September 13, 2010 — Next week a special session of the U.N. General Assembly will meet in New York to review progress on the Millennium Development Goals (MDGs), which commit member countries and their development partners to eliminate extreme poverty and hunger, and significantly improve the economic and human welfare of poor people worldwide by 2015.
Until the food, fuel and financial crises in the last two years, developing countries were making progress in reaching these goals—although at different paces. In 1981, 52% of people in developing countries lived in extreme poverty; by 2005, that share had fallen to 25%. The efforts of countries and their partners were paying off right up until the crises, with poverty falling sharply in East Asia, Latin America, and Eastern and Central Europe. But this progress has not been shared by all.

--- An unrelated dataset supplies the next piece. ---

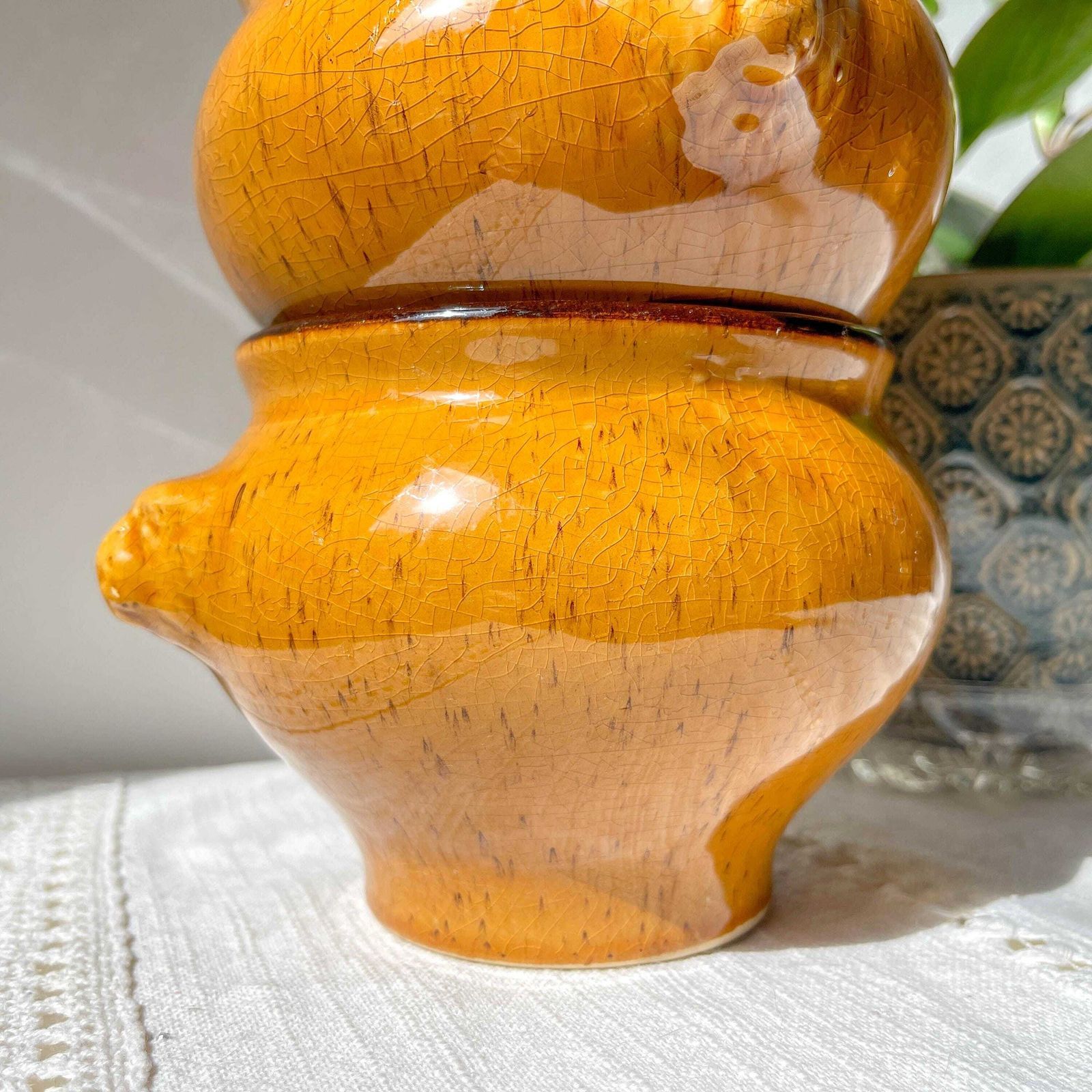 5 Vintage Lion Head Bowls In Speckled Ochre Stoneware Emile Henry Style – Made In France – Soup Bowls, Retro Tableware, Stoneware Bowl photo vinterior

Sub-Saharan Africa continues to lag in overcoming poverty, and hunger and malnutrition rates have been falling—but not fast enough to eradicate hunger by 2015. Too many of the world’s people remain hungry, poor or vulnerable to poverty, with too few jobs and too little access to services and economic opportunity.
According to a new World Bank paper, Unfinished Business: Mobilizing New Efforts to Achieve the 2015 Millennium Development Goals, 64 million more people were living in extreme poverty (below $1.25/day) in 2010. By 2015, 1.2 million more children under five may die, 350,000 more students may not complete primary school, and about 100 million more people may remain without access to safe water.